Audio Culture Readings in Modern Music, pag. 358
These words come back to me almost thirty years later, listening to "The Healer", the fifth album, the latest effort by SUMAC, a powerful metal trio formed by Aaron Turner (Isis, Old Man Gloom, Mamiffer), Nick Yacyshyn ( Baptists) and Brian Cook (Russian Circles, These Arms Are Snakes). It's their first album that I buy and listen to and I was pleasantly surprised by it.
SUMAC seems like a post-rock version of classic metal bands, where their sprawling style, carefully calculated and semi-improvised at the same time, strongly recalls the ideas of Simon Reynolds, showing an interesting evolutionary line in metal themes.
Regardless of the song form, with an album 76 minutes long and with only four tracks (World of Light, Yellow Dawn, New Rites and The Stone's Turn), which take the form of real suites in length and structure, SUMAC alternates with an efficient balancing of long waves of powerful drones with recursive exercises of chaos and control, managed with a careful and constant process of expansion, contraction, corruption and regrowth.
“The Healer” requires careful and difficult listening, in which you need to let yourself go to the slow heaviness of the guitar feedbacks, accompanied by the cavernous depths reached by Aaron Turner's voice. “The Healer” is a “post” album in which the band not only invests all its experience, but also the vast range of metal subgenres, adding stylistic references to an already complex work.
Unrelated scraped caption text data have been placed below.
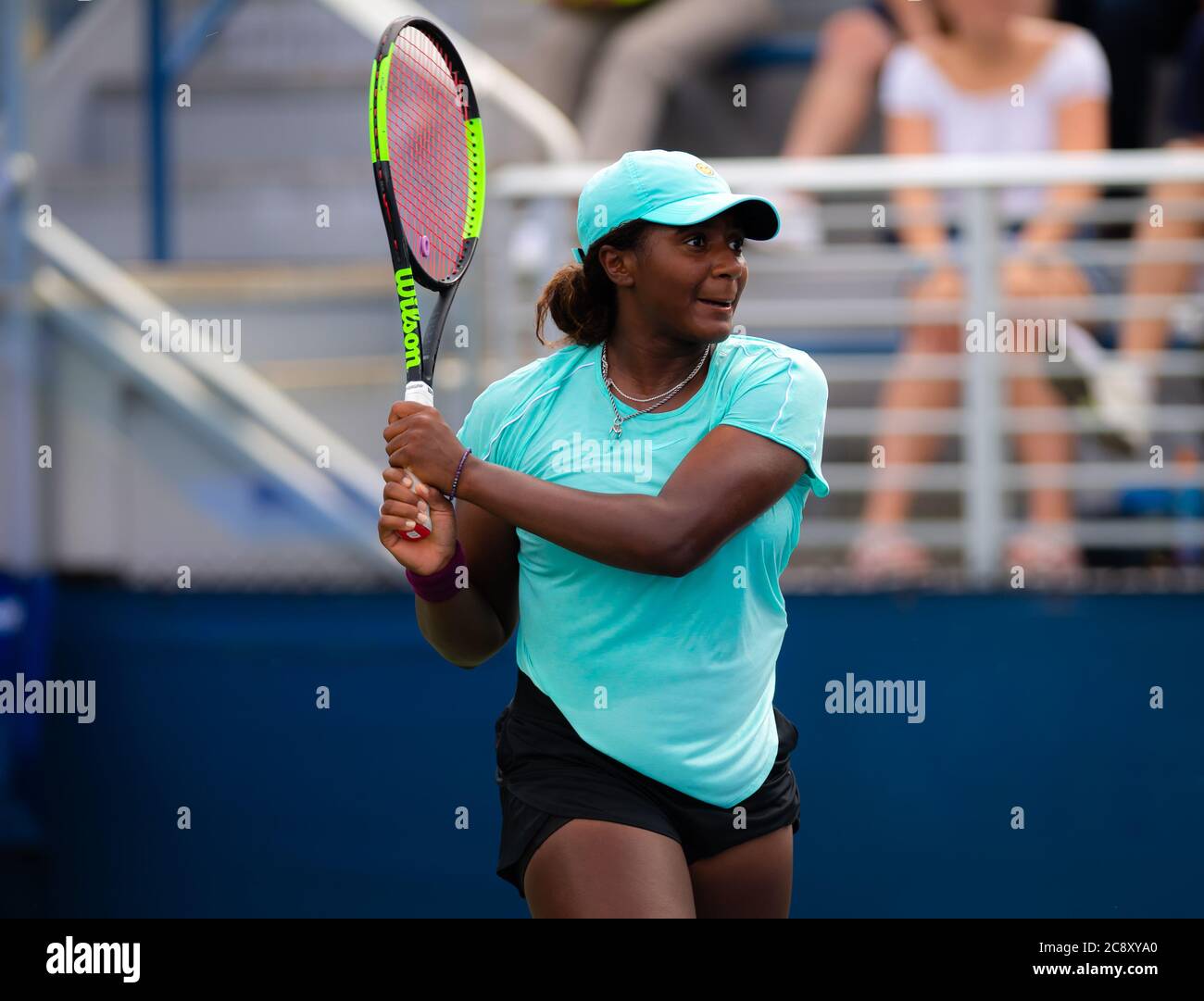 Hailey Baptiste of the United States in action during her qualifications match at the 2019 US Open Grand Slam tennis tournament Stock Photo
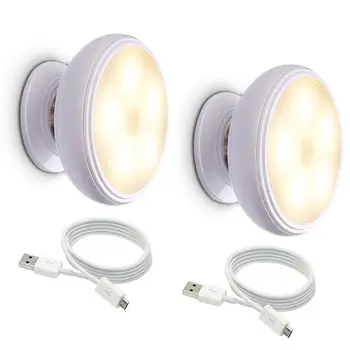

2x Motion Sensor Night Light, Detachable net Base, USB Rechargeable LED, Human Body Induction 360 Degree Rotation Night Light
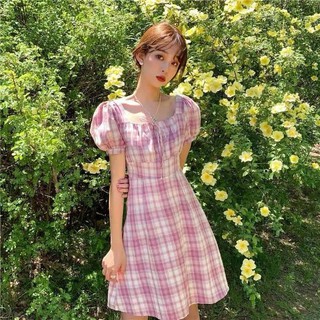 B01 เดรสลายสก็อตสีชมพูอมม่วง งานนำเข้าตรงปก ขนาดฟรีไซส์ อก 32 - 34 เอว 26-28 ส่งไวส่งจริงโดย J&amp;T มีบริการเก็บเงินปลายทาง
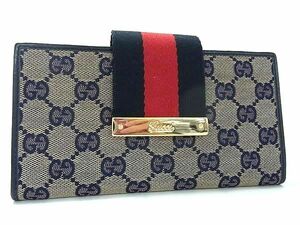 1円 ■美品■ GUCCI グッチ 181668 0959 シェリーライン GGキャンバス×レザー 二つ折り 長財布 ウォレット ネイビー系 AX6553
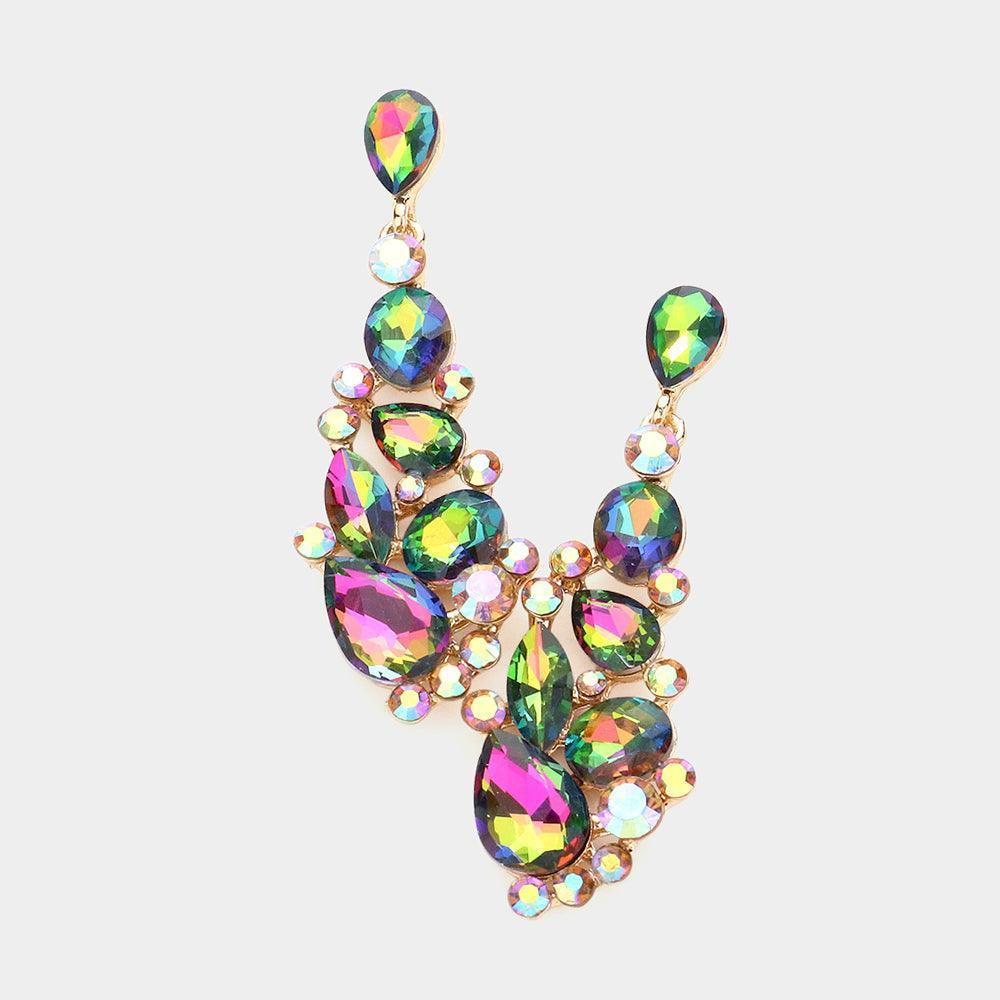 Round Teardrop Stone Cluster Dangle Evening Earrings - Jewelry Store by Erik Rayo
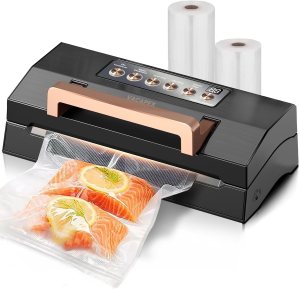 2025 Black Stainless Steel Food Vacuum Sealer, VACAPEX Deluxe Vacuum Sealer Machine with 11″ Double Heat Seal and Automatic One-Touch System, Bags Storage & Cutter, Easy-Lock Handle with 2 Bag Rolls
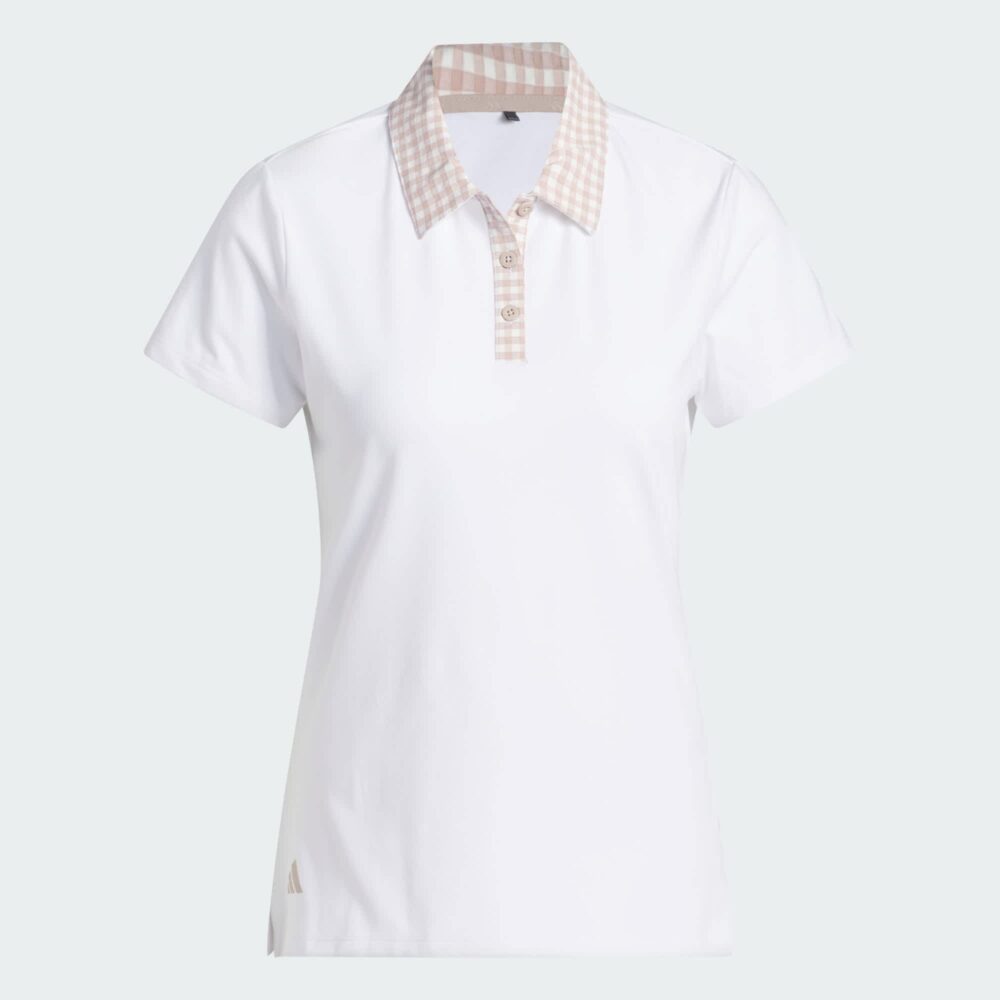 Adidas Women's Ultimate365 Gingham Short Sleeve Polo - White - Image 4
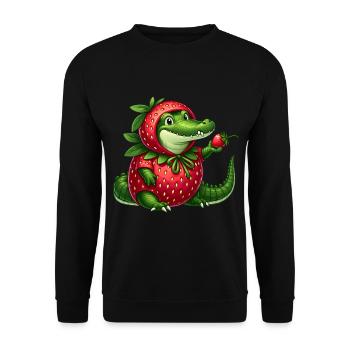 Crocodile en costume de fraise - Sweat-shirt Unisexe - noir - Devant - Alina (178cm) & Michal (187cm)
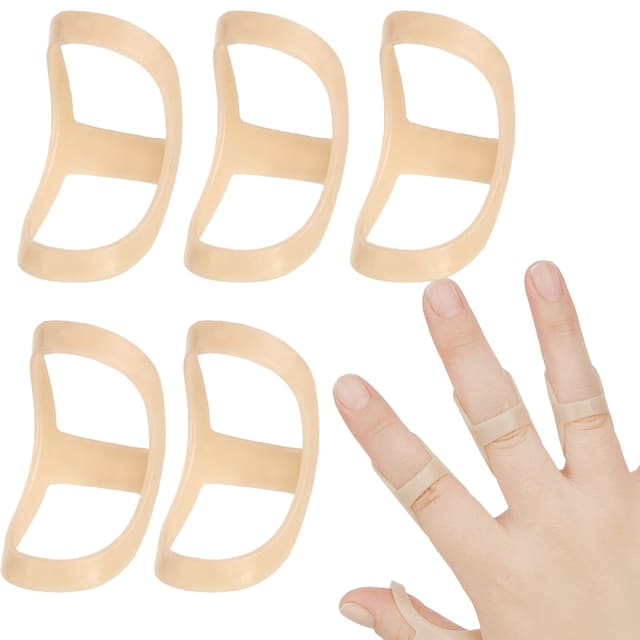 5 Pack Finger Splint Finger Support Finger Straightener Brace Beige Size 6+7+8+9+10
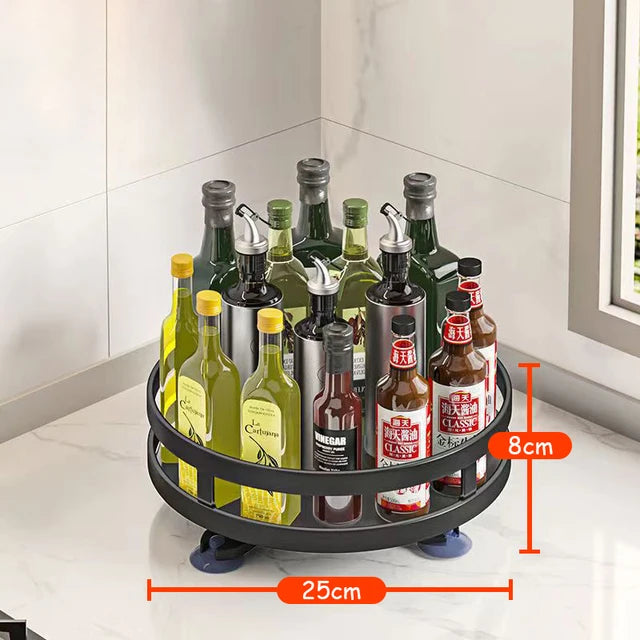 360° Spice rack rotation non-skid carbon steel tray for kitchen spices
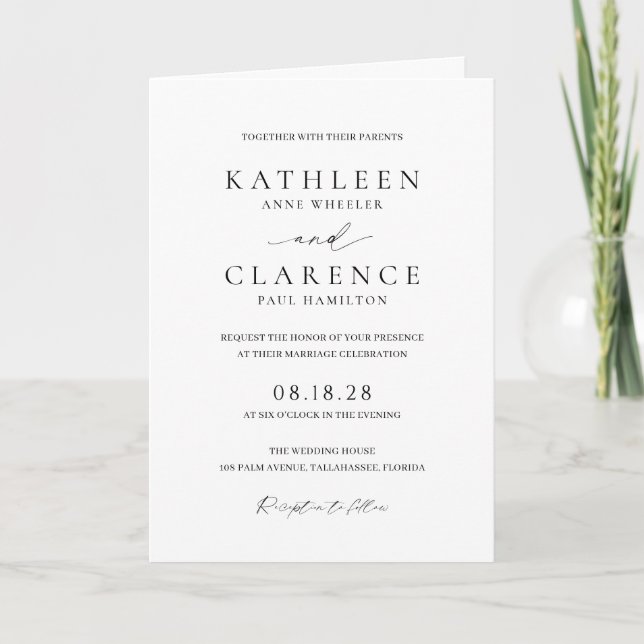 Invitation Code QR noir et blanc classique Mariage élégant (Devant)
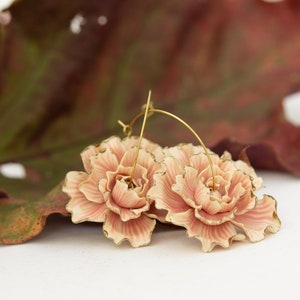 Beige and Pink  Flowers hoop earrings from polymer clay, 100% handmade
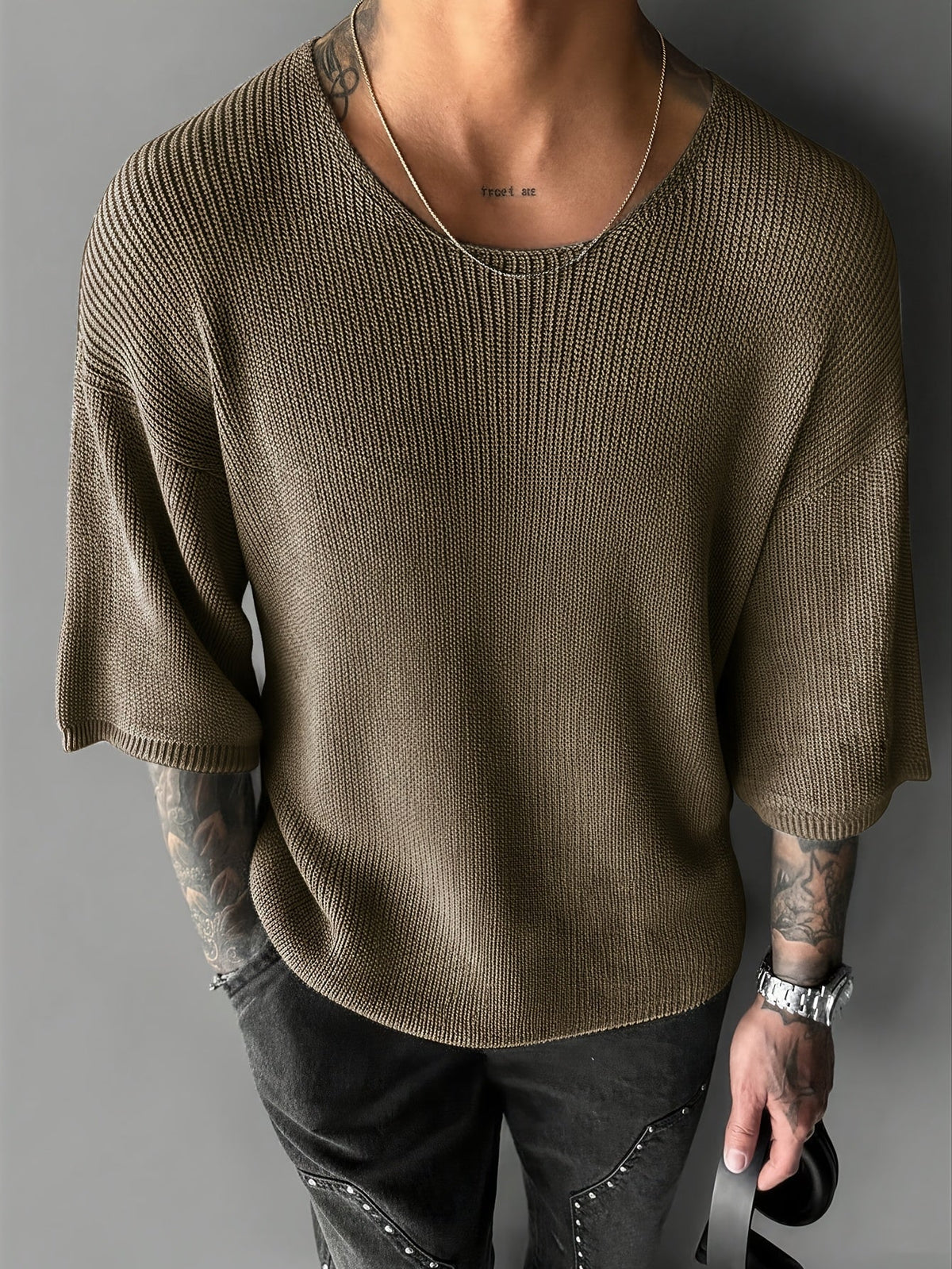 Pull maille manches courtes coupe ample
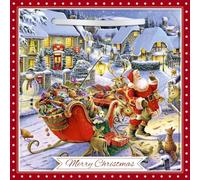 Classic 3D Lenticular Traditional Festive Merry Christmas Single Greeting Card with Detachable Keepsake to Treasure - 6" x 6" (155 x 155mm) - Eco-Friendly (Santa Animals and Sleigh)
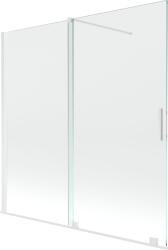 Mexen Velar 2-szárnyú, 160 x 150 cm-es, átlátszó, fehér fürdőkádparaván - 896-160-000-01-20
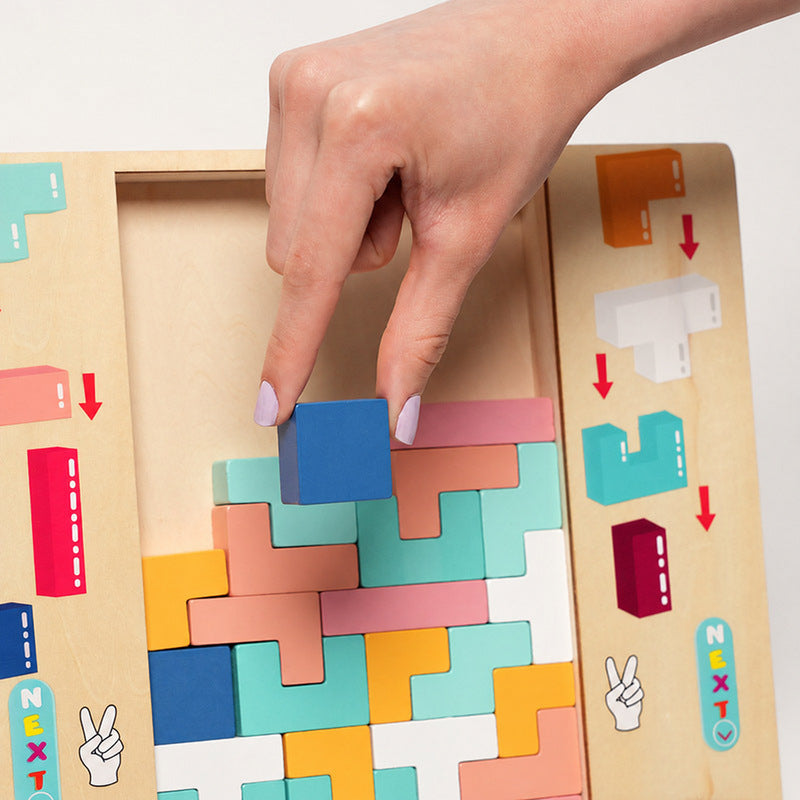 Tetris Puzzle Board with Colorful Wooden Shapes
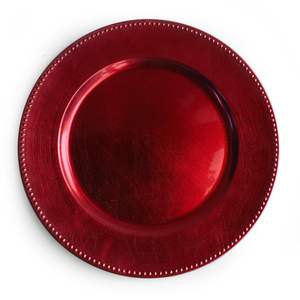 Plato Decorativo Rojo de Hierro con Borde de Cuentas |   Elegante Adorno de Mesa para Eventos, Bodas y Fiestas |   Ecológico y Duradero - Product Image 1
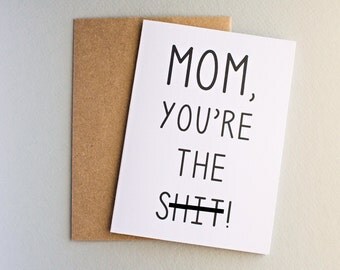Items similar to A Mom's Purse Funny Note Card with Envelope- Mother's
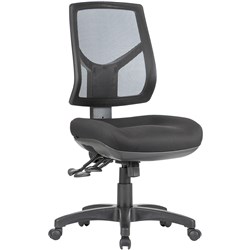 Hino High Back Task Chair 3 Lever No Arms Mesh Back Black Fabric Seat, 140kg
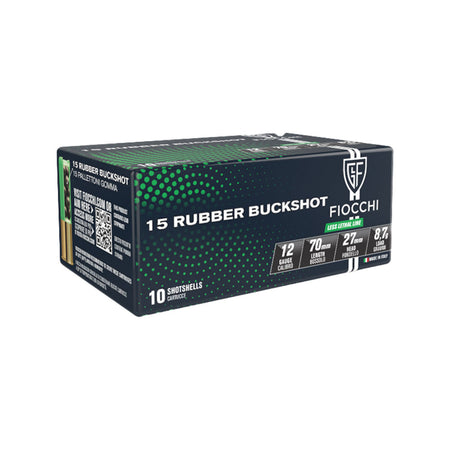 Fiocchi 12 Gauge Exacta Rubber Buck Home Defense 15 Pellets 00 Buck 5/16 oz 2.75 in 10/Box [Item 6895]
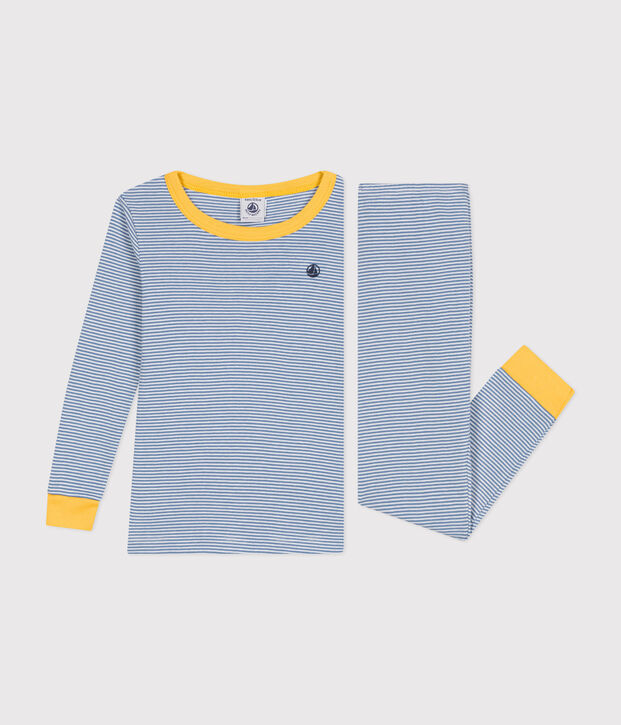 Pyjama ajust&eacute; en coton ray&eacute; enfant bleu/blanc
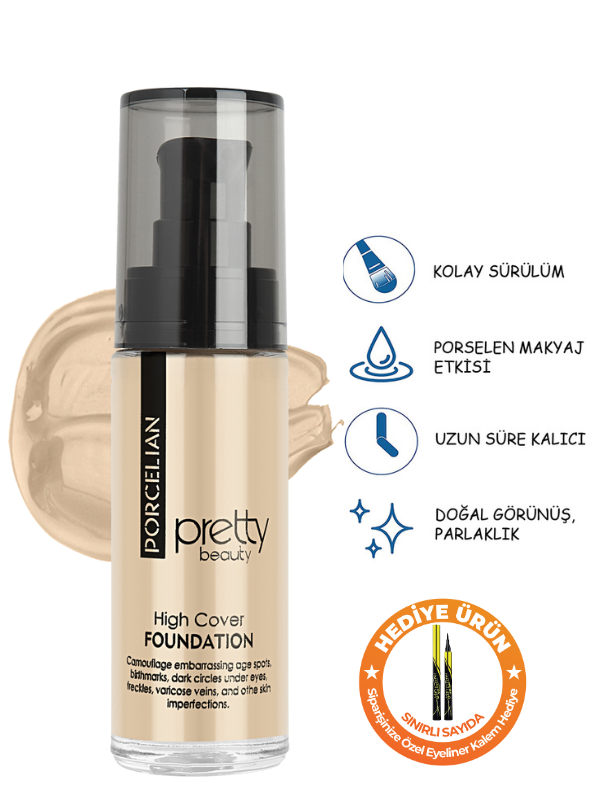 Yüksek Kapatıcı Etkili High Cover Porselen Fondöten No:1 - Light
There is something exciting in a work that should, in theory, be rather boring and monotonous, but which in reality proves to be the exact opposite, proving to be an enjoyable sensorial and cerebral experience, thanks to the obsessive care that SUMAC dedicates to every detail and the continuous creation of intertwined dynamics, dynamics often hidden in the plots of a pure alienating impact.
It's no coincidence, in the end, that these metal veterans were produced by Thrill Jockey. Surrender to the metal.